(Desde Cosquín)

Nada de lo que pasa en Cosquín pasa desapercibido. Al menos, lo que tiene que ver con los artístico y sus implicancias. Más allá de sus altos y bajos a lo largo de la historia, el Festival de Cosquín es el más importante del país y uno de los más trascendentales de Latinoamérica. El escenario Atahualpa Yupanqui, como su nombre lo indica, es un espacio con memoria. Por allí han pasado nombres como Jorge Cafrune, Mercedes Sosa, José Larralde, Eduardo Falú y, entre tantos otros, Horacio Guarany, recientemente fallecido. Entonces, todo lo que sucede aquí cobra especial relevancia, toma una magnitud a veces impensada. 

En Cosquín –en sus calles, su río, sus peñas, sus casas y campings– todo se potencia: la música, la poesía, lo humano, los sentimientos, las contradicciones, los vínculos, los egos pero también el espíritu solidario. Cosquín es desafiante, intenso, movilizante, cambiante; es una aventura y nadie sale ileso. Es decir, Cosquín te modifica, necesariamente. Es una caja de resonancia, un imán: todos quieren estar. Pero, si bien el foco central está puesto en lo que sucede en la plaza Próspero Molina, lo cierto es que el festival también es una excusa (o el disparador) para que se active en toda la ciudad una sobredosis de actividades culturales, que van desde encuentros de poetas, toques callejeros hasta muestras, ferias de artesanías, charlas, marchas (como Caminata la de la Tierra, el Agua y la Vida) y las ya clásicas peñas. Todo esto, en términos generales.

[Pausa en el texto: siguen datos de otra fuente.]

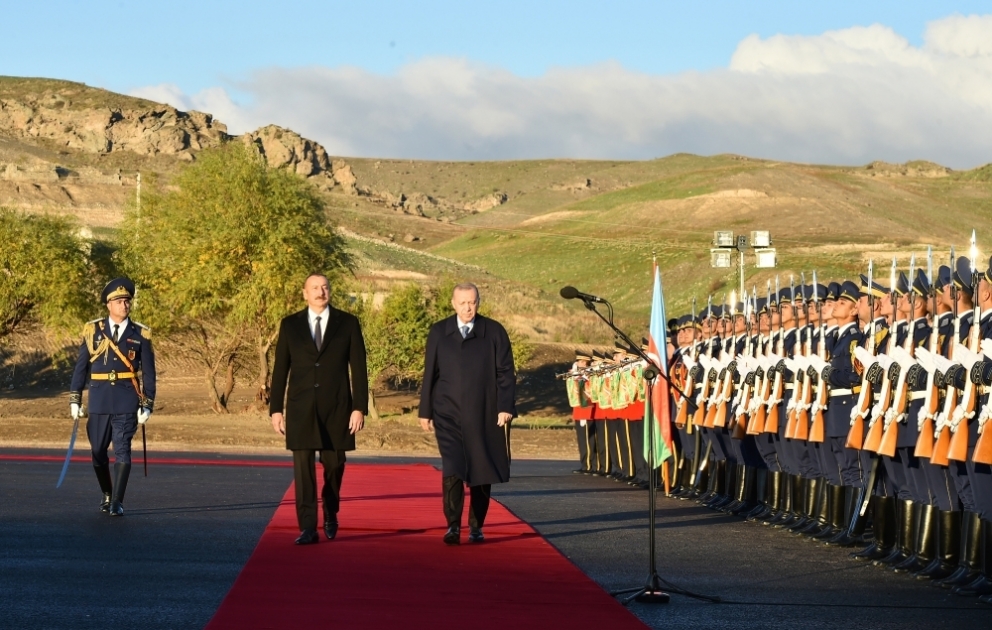 Official welcome ceremony was held for Turkish President Recep Tayyip Erdogan in Aghali village, Zangilan district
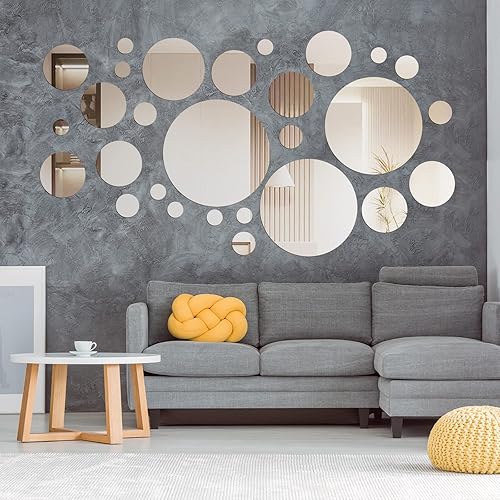 Miniatura 5 de Kigley 64 calcomanías de espejo para pared, adhesivos de acrílico extraíbles, sin marco, círculos, redondos, adhesivos para decoración de pared,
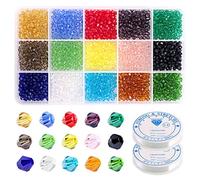 Swpeet 1802Pcs 4MM Glass Bicone Crystal Beads Kit, Including Bicone Crystal Glass Beads with Threading Needles and Elastic String Cord for DIY Beading Projects, Bracelets, Necklaces, Earrings & Other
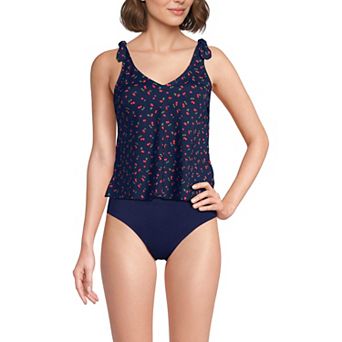 Women's Lands' End Tie Shoulder Flutter Tankini Swim Top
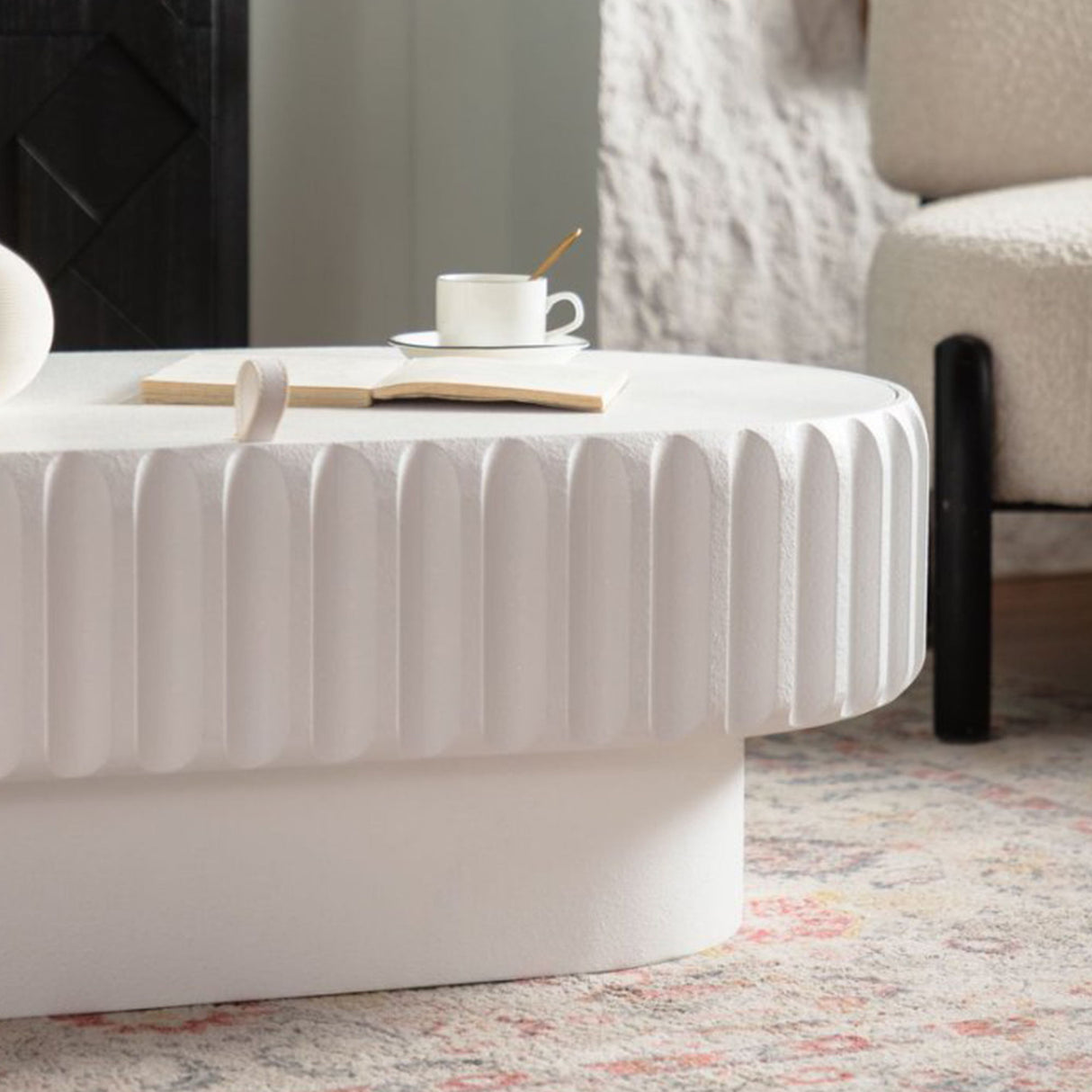 Fluted Storage Table With Lift Off Lid - Cream White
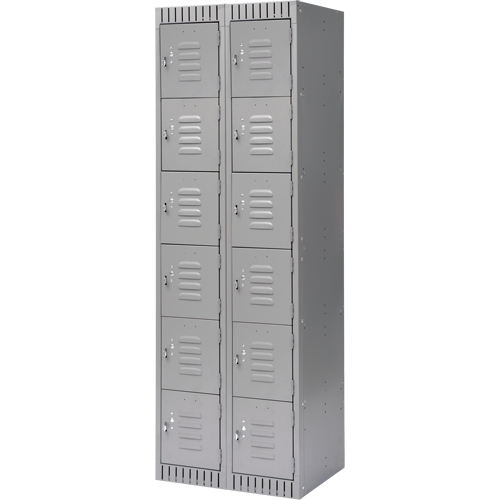 Lockers, 6 -tier, Bank of 2, 24" x 18" x 72", Steel, Grey, Knocked Down PB Rental Co. Ltd.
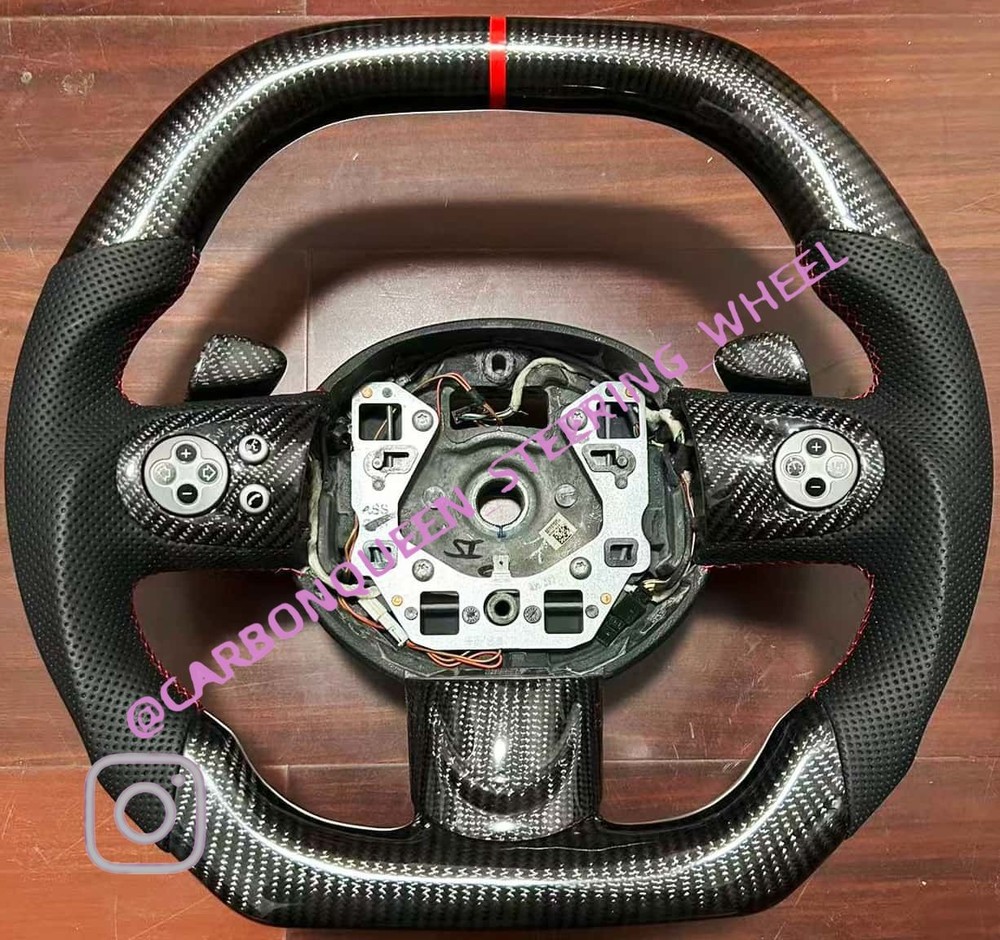 REAL  CARBON FIBER Steering Wheel FOR BMW MINI Cooper R55 R56 R60 JCW+PADDLES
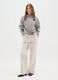 Beige cotton and velvet trousers regular fit_0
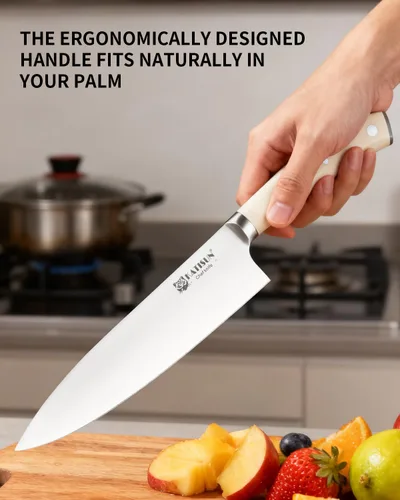 Miniatura 5 de Juego de cuchillos de cocina, juego de cuchillos de 14 piezas con bloque de madera, autoafilables para juego de cuchillos de chef, juego de bloques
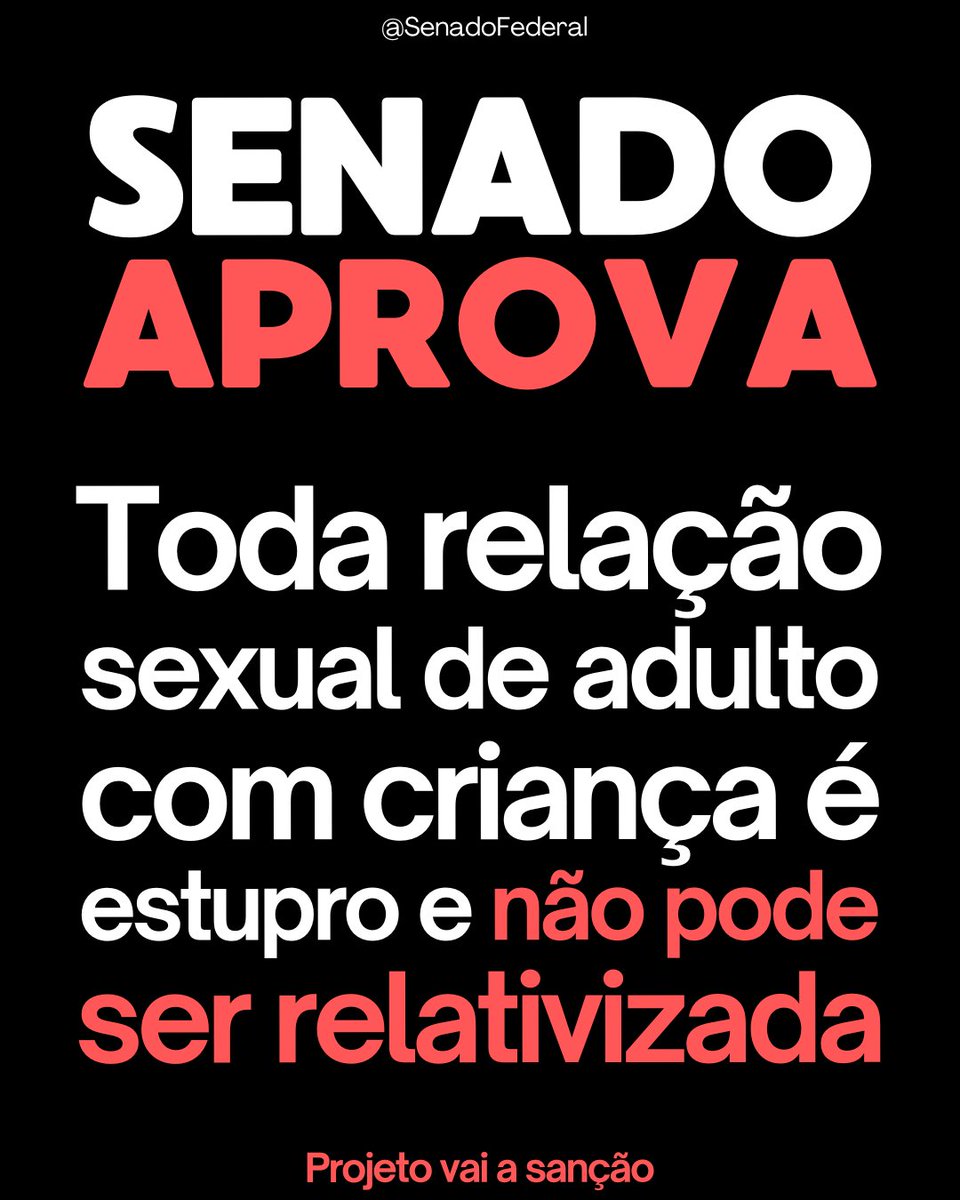 Aprovado projeto que garante presunção absoluta de vulnerabilidade no estupro de vulnerável. A lei considera vulneráveis menores de 14 anos ou quem, por enfermidade, deficiência mental ou outra causa, não tenha discernimento ou resistência www12.senado.leg.br/noticias/mater…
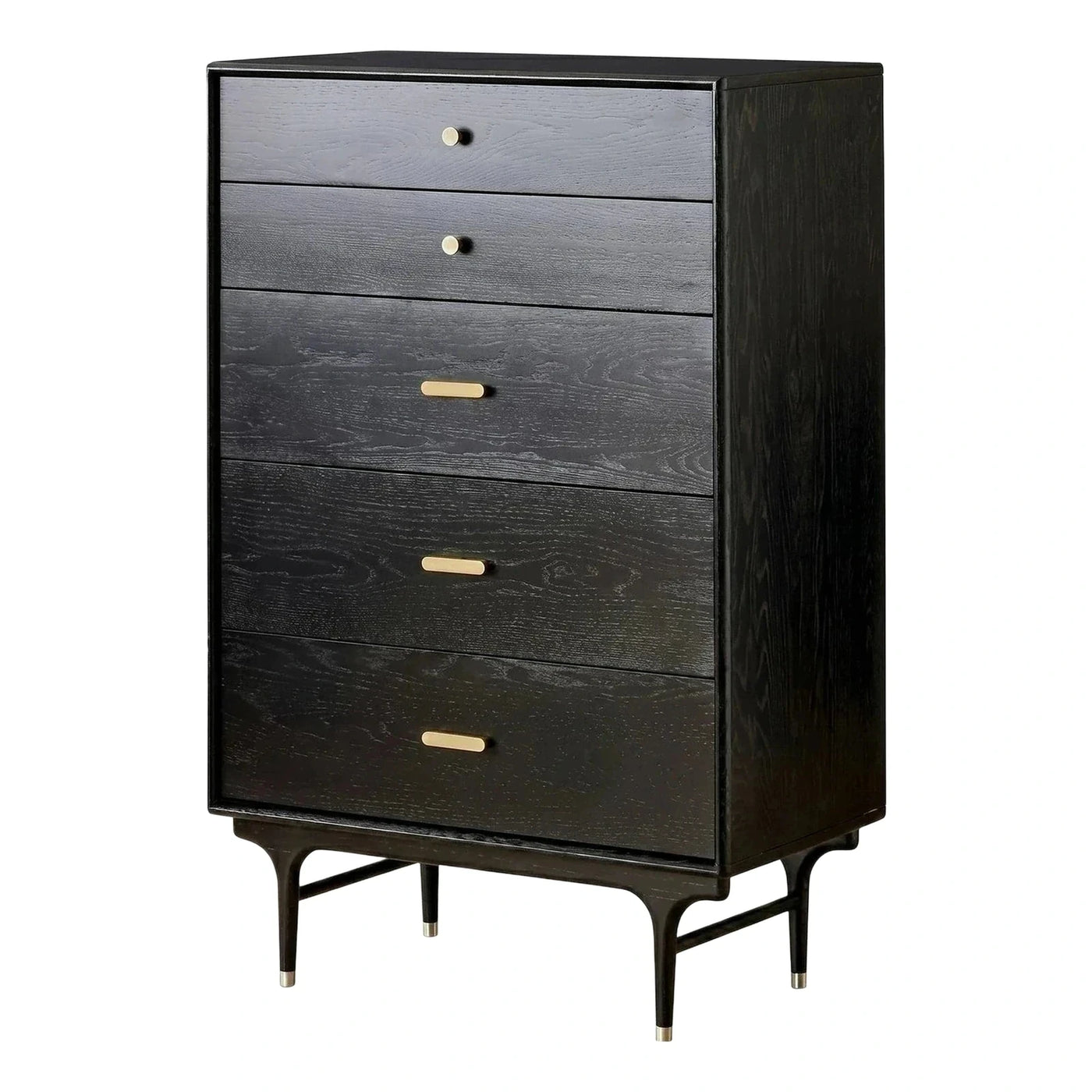 Modern Black Wood Five Drawer Chest with Brass Accents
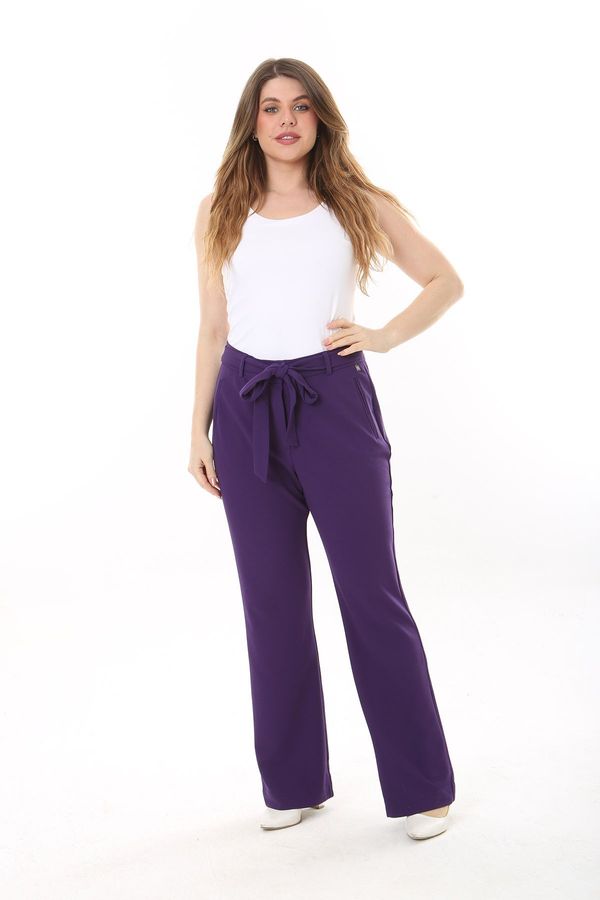 Şans Şans Women's Plus Size Purple Side Pockets Belted Lycra Classic Trousers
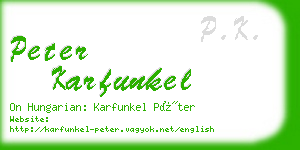 peter karfunkel business card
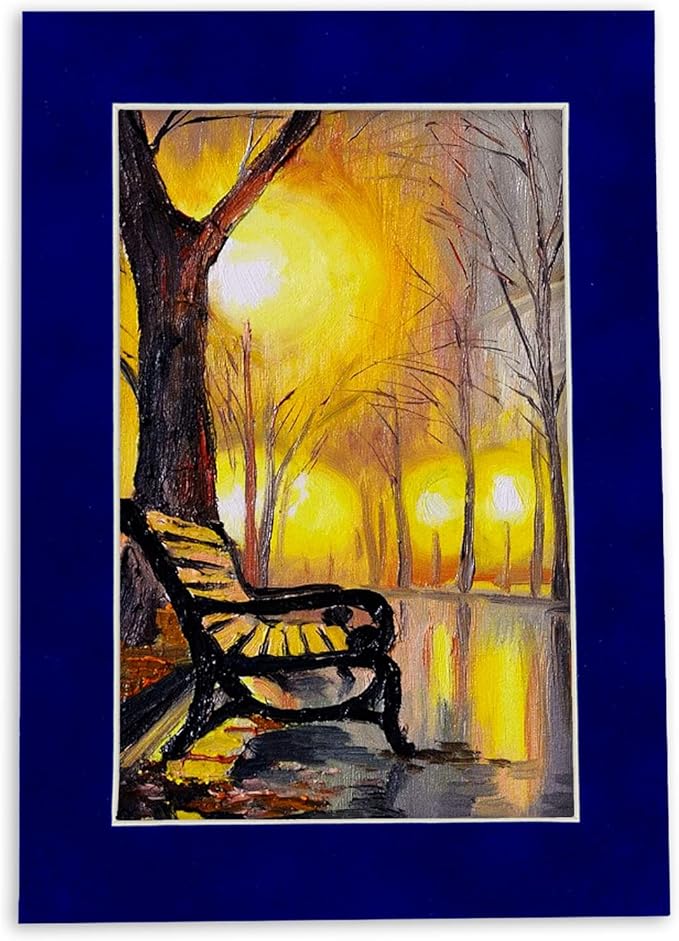 Pack of TEN 8x10 Mats Bevel Cut for 5x8 Photos - Acid Free Royal Blue Suede Precut Matboards For Pictures, Photos, Framing - 4-ply Thickness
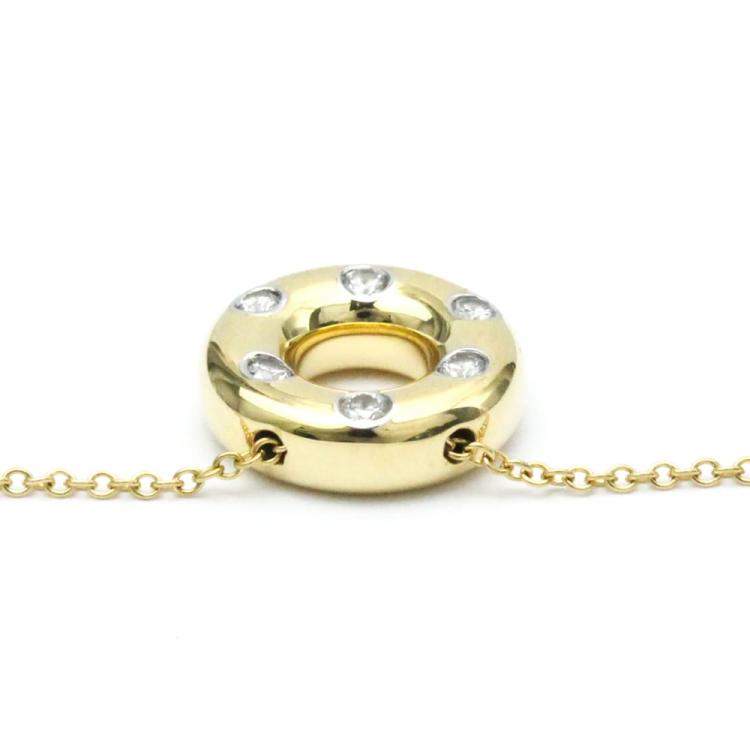 Pre Owned Tiffany & Co. Etoile Circle 18K Yellow Gold Platinum Diamond Necklace 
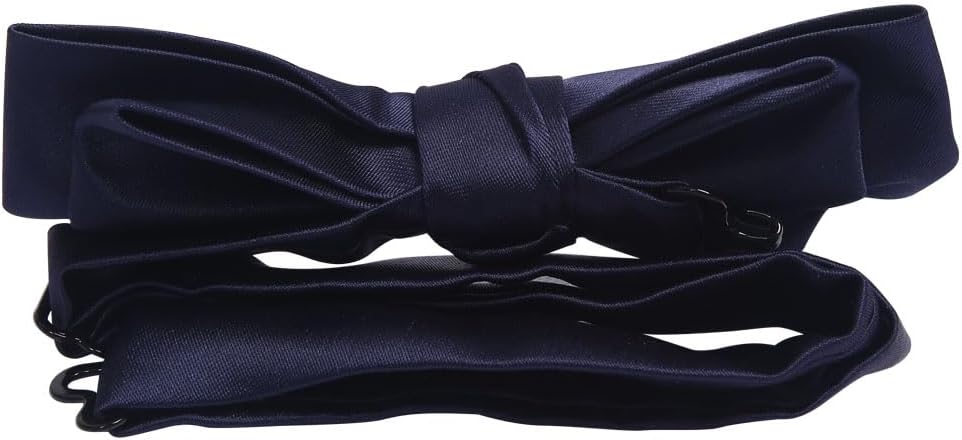 Men‘S Solid Color Adjustable Length Pre Bow Tie,Double-Deck faux silk Formal Satin,Suitable For Tuxedos And Wedding Parties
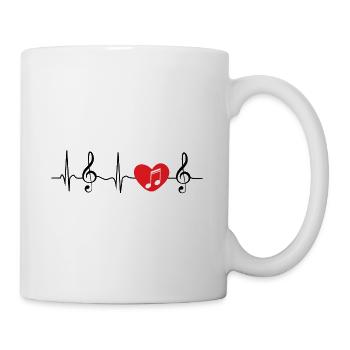 Musik ist Leben Musiker Ich liebe Musik Geschenk - Tasse - Weiß - Rechts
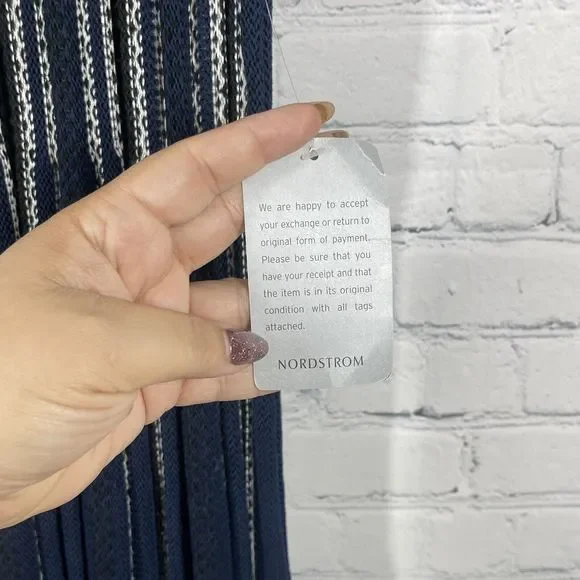 Harlyn Fit and Flare Dress Women’s Medium Navy Blue Sleeveless Open Knit Fit NWT - Picture 9 of 16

Pero la que hace unos días terminó es la 57 edición del festival. Una edición que deja mucha tela para cortar con un saldo más que positivo. Algo se está moviendo en Cosquín en los últimos años y parece ir hacia una dirección reconfortante. Recambio. Tal vez sea esa la palabra clave. Se está produciendo un recambio generacional sobre el Atahualpa Yupanqui. Intencional, buscado, necesario y que hasta cae de maduro. Un cambio que se da, al menos, por dos factores preponderantes: una generación de músicos con empuje y cosas para decir y una Comisión con ganas de escuchar y atender a nuevas propuestas. No es fácil, no hay lugar para todos, hay pasos en falsos y aciertos, sigue habiendo regiones o estilos que no están del todo representados en el escenario (como la música patagónica o la cuyana), pero hay mucha predisposición y eso es más que válido. 

«En 2015, no venía nadie a la Plaza, fue muy triste», desliza uno de los encargados de programación, miembro de la Comisión organizadora. En esta edición, salvo en alguna fecha floja, la plaza tuvo un 80 por ciento de su capacidad cada día. En las últimas dos ediciones, primó un criterio de programación que apuntó a subir el nivel artístico, acortar las grillas de programación –en 2014, por ejemplo, cada luna era maratónica–, poner por delante el concepto antes que los nombres y darle lugar a nuevos cantores, grupos e intérpretes que le esquivan al aplauso fácil. Este año, además, no hubo grandes polémicas; salvo un comentario desafortunado de Dino Saluzzi, que tal vez no estuvo en sintonía con el clima general.